(Data excerpts)
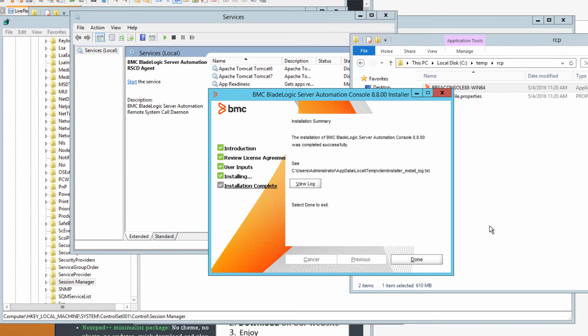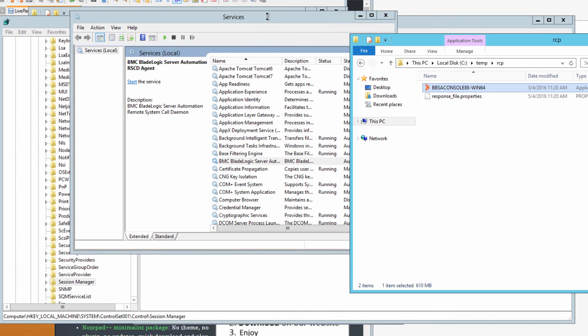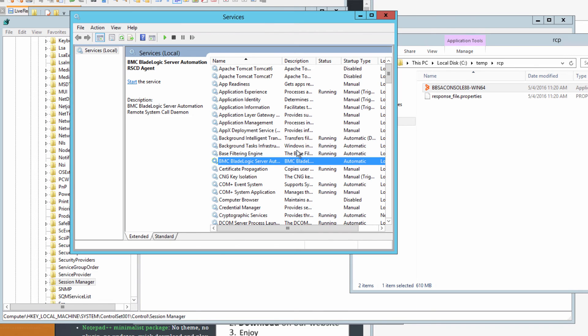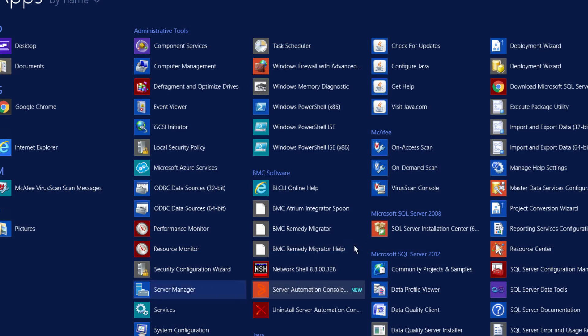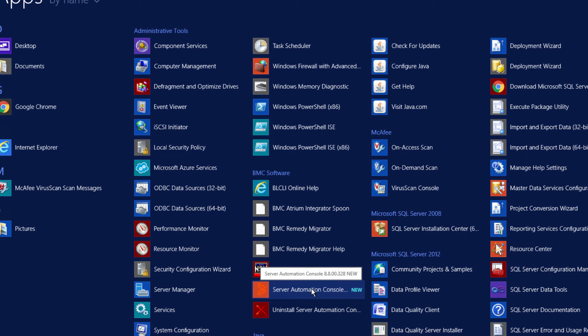The installation is actually pretty quick. It took about four to five minutes in my setup. Review the log if you want to and then click done. Go back into the services and start the RSCD agent. Now launch the server automation console.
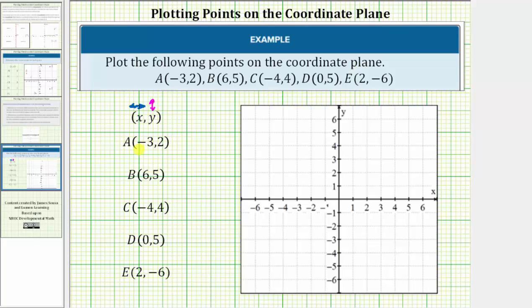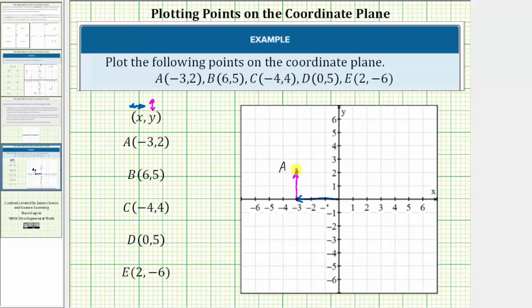Point A is given by the ordered pair negative three comma two. So starting at the origin, because the x coordinate is negative three, we move left three units in the direction of the negative x axis. From here, because the y coordinate is positive two, we move up two units in the direction of the positive y axis. This is the location of point A, so we graph a point here and label it point A. Notice that at this location this point lines up with negative three on the x axis and positive two on the y axis.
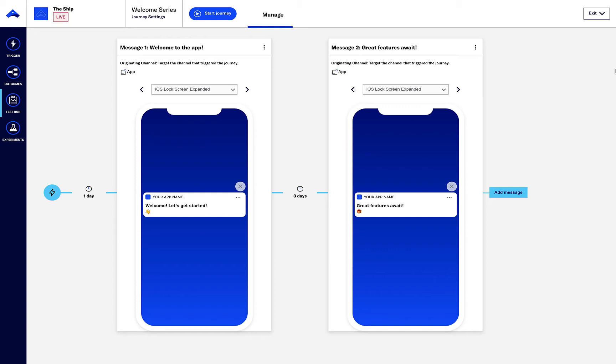Here we've created a welcome series. We can quickly test the content of each message on our test devices so that we can confirm that what the customer experiences matches our expectations.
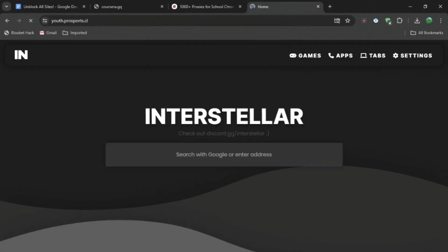Then press Ctrl+V, paste it, and then whatever you want to search up, you can. So discord.com, press enter, and it will do that for you.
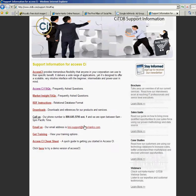I hope this helps. If you have any more questions, please contact us at citdb.com.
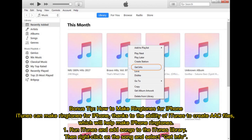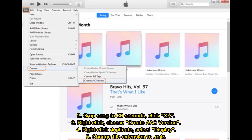Step 1: Run iTunes and add songs to the iTunes library, then right-click on the song and select Get Info. Step 2: Crop the song to 30 seconds and click OK. Step 3: Right-click and choose Create AAC Version.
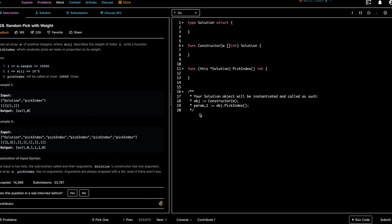Welcome to 'Let's Talk Algorithms.' I'm Ren Tesh, and today we'll be solving the problem 'Random Pick with Weight.' Given an array w of positive integers where w[i] describes the weight of index i, write a function pickIndex which randomly picks an index in proportion to its weight. The array length is less than 10,000, any weight is at most 100,000, and pickIndex will be called at most 10,000 times.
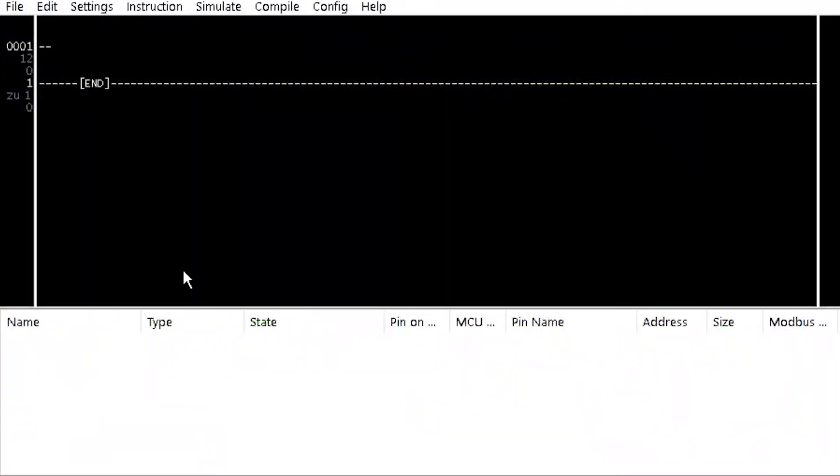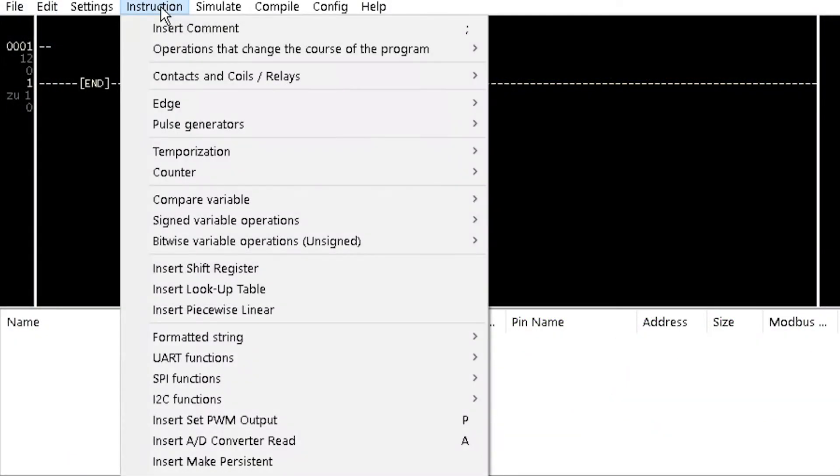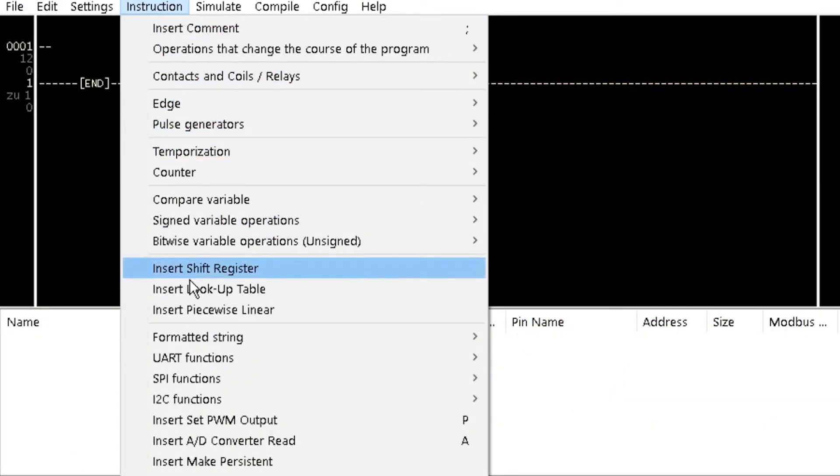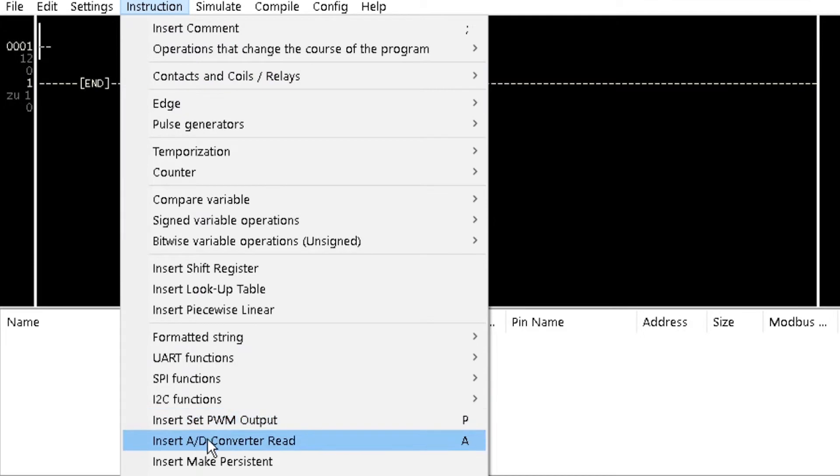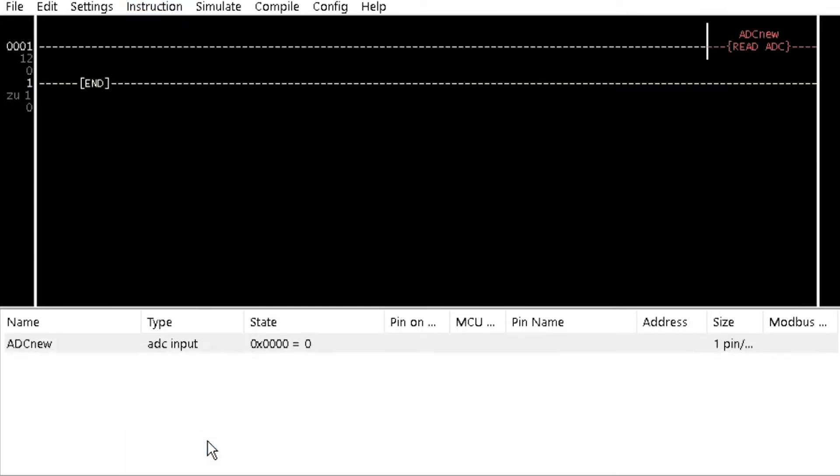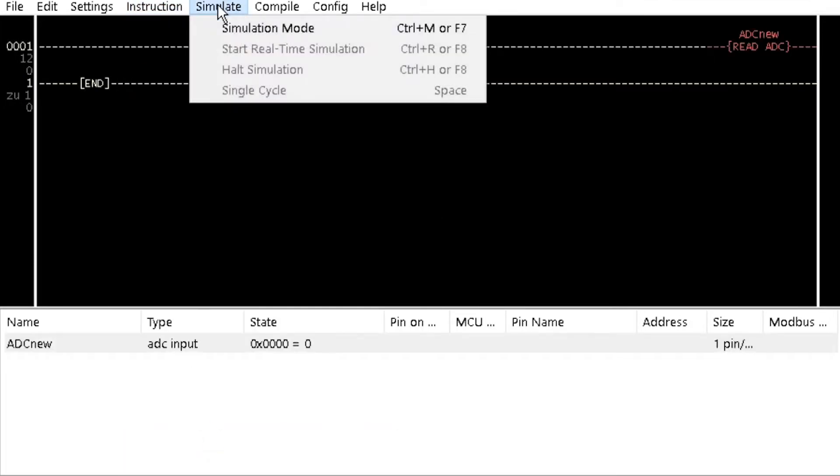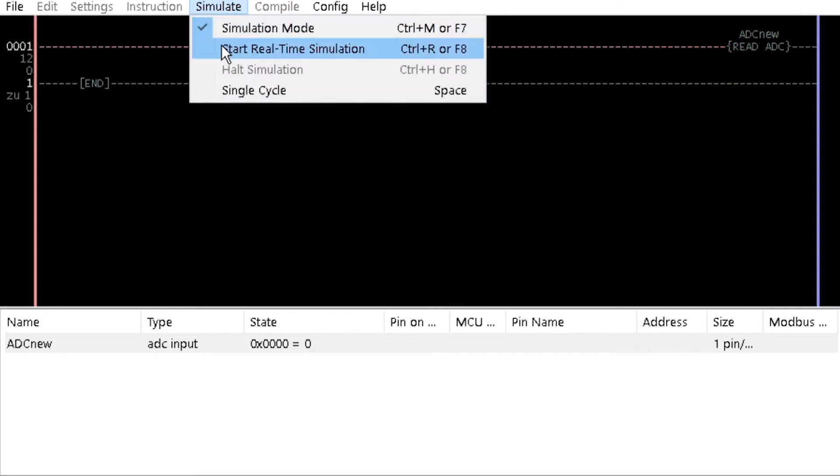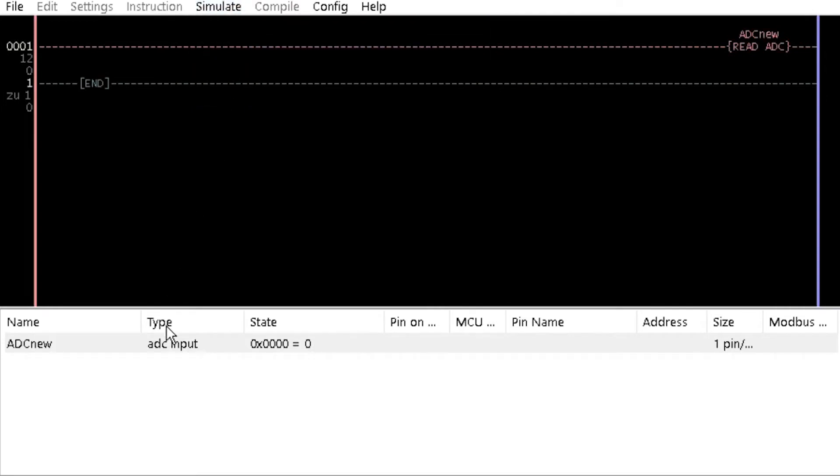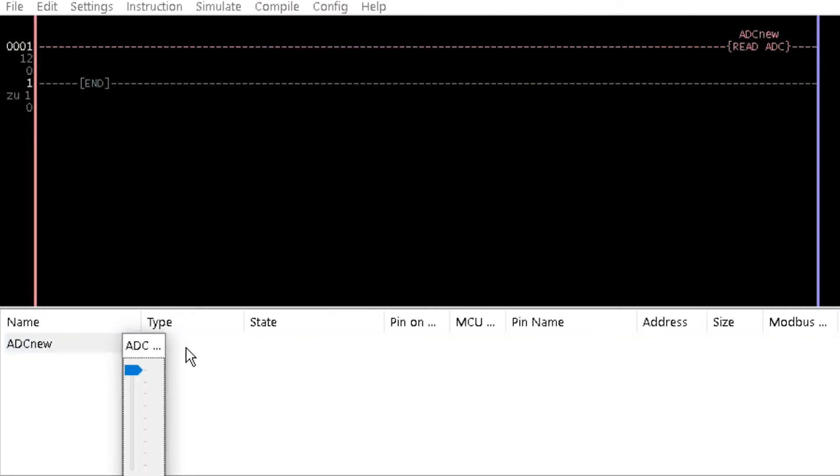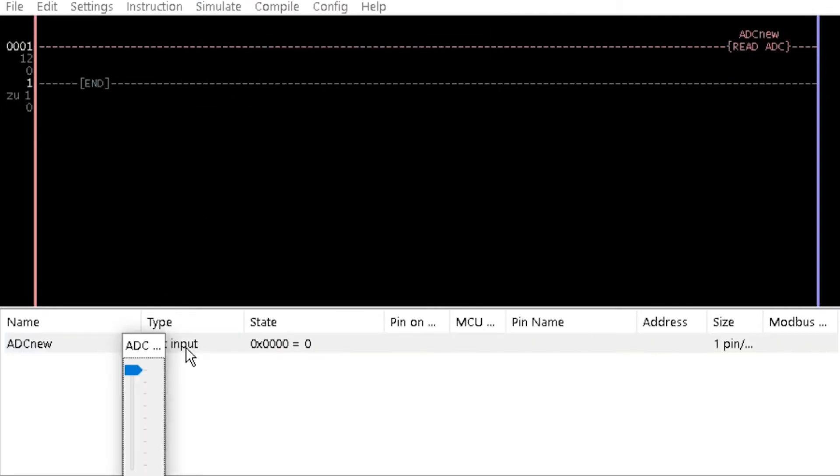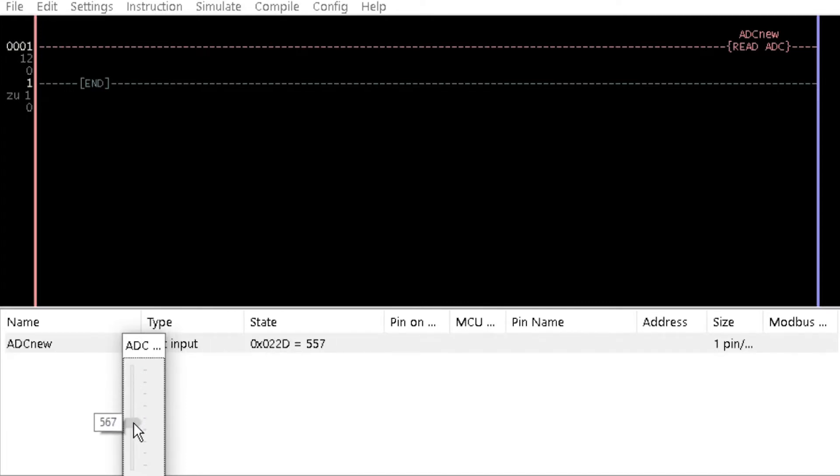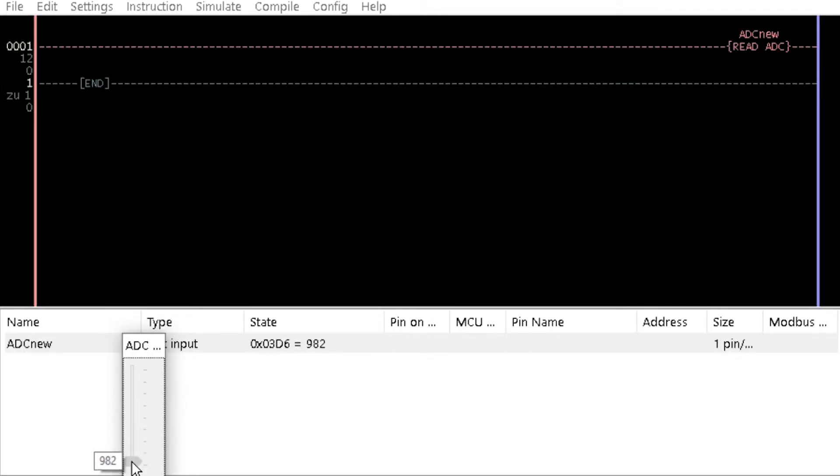LDmicro uses the AD converter read instruction element which can be inserted directly from the instruction menu. In simulation mode, double-click on the variable name in the lower window to display a slider bar. Hold down the left button of your mouse on the bar and drag it down. Observe that the variable value increases from 0 to 1023.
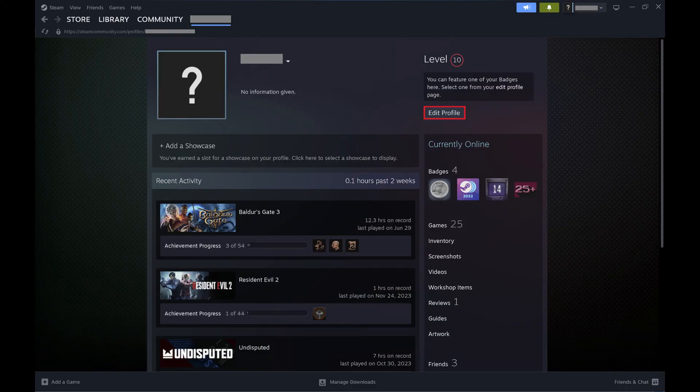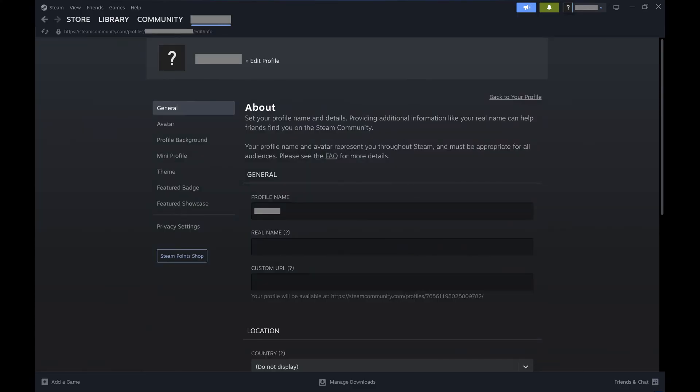Step 2. Click Edit Profile on the right side of this screen. You'll land on the Edit Profile screen.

Task objective: What is wanted is an exact copy of the lines above from the one containing "Then press Ctrl+V, paste" through the one containing "I hope this", with no pictures in it.

Finished task:
Then press Ctrl+V, paste it, and then whatever you want to search up, you can. So discord.com, press enter, and it will do that for you.
I hope this helps. If you have any more questions, please contact us at citdb.com.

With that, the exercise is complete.